Planning officers have said there is a need to maintain an ongoing supply of additional student bedspaces to meet “increases in the number of students attending further and higher education courses in the city.”

They also say high-quality purpose-built accommodation attracts students out of residential areas such as Lenton and the Arboretum.

Godwin Developments, who are in charge of the scheme, said the former Post Office sorting office has been vacant for almost 20 years resulting in “serious deterioration” and “cannot be refurbished.”

They argued the height of the building is “no taller than the previously approved planning application in the location.”

At the planning meeting, Cllr Sally Longford (Lab) said: “I am quite unhappy about this scheme.
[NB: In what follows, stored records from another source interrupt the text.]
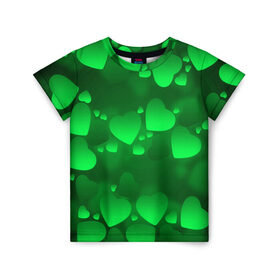 Детская футболка 3D с принтом Зеленые сердечки в Кировске, 100% гипоаллергенный полиэфир | прямой крой, круглый вырез горловины, длина до линии бедер, чуть спущенное плечо, ткань немного тянется | 14 февраля | 3d | день святого валентина | другие | зеленые | картинки | красивые | любовь | праздник | прикольные | сердечки | текстуры | яркие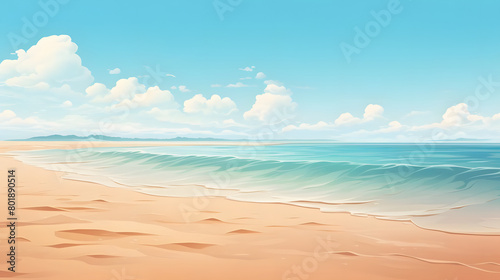 Beach Bliss  Sandy Shoreline in the Warmth of Summer  Realistic Beach Landscape. Vector Background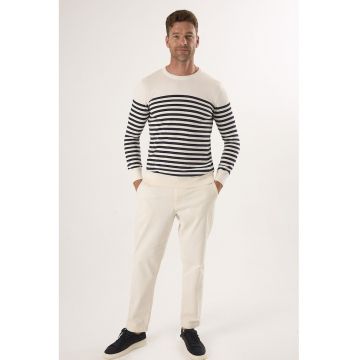 Pulover din bumbac cu model in dungi - Bej deschis/Bleumarin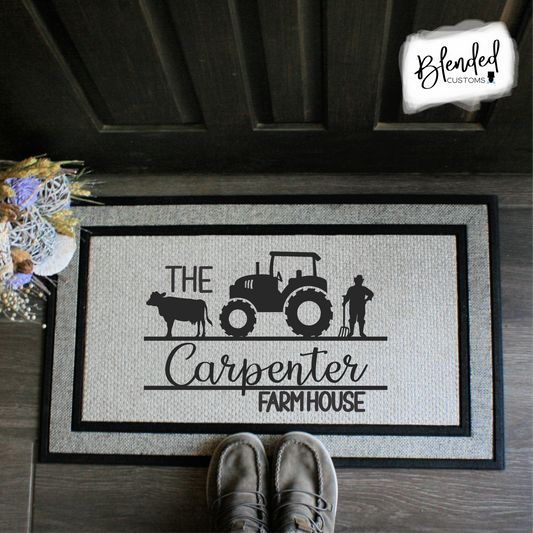 Personalized Farmhouse Name Doormat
I think the architecture is uninspiring.

“I think we should be pushing for a better quality of design.  We will have this huge building over one of our special green spaces.

“It seems a terrible shame to allow something this dominating and heavy blocking the skyline.”

Councillor Wendy Smith (Lab) added: “To me it looks like a series of boxes with windows but when I see the buildings in reality they have looked a lot better.”

Councillor Gul Nawz-Khan (Lab) added: “I am also unhappy with the design. It just looks like a big brown block of bricks.”

Councillor Kevin Clarke (Nottingham Independents) described the development as looking like just another “lego building” in the city and was the only councillor to reject the plans.

Councillor Graham Chapman (Lab), chair of the planning committee, said there had been improvements to the designs over the last few weeks.

He said recommendations should be made as part of the approval to look into the brickwork and appearance of the building.

He said the council were “in a straitjacket” over its decision and it would be lost on appeal if they rejected the proposal on design grounds.

“Our justification is paper thin,” he added. “If we do not accommodate students coming here they will move to the private sector residential lets. We are trying to deflect that.”

He said the two universities keep on increasing numbers and therefore purpose-built student accommodation in the city is needed to house them.

The application was passed by councillors.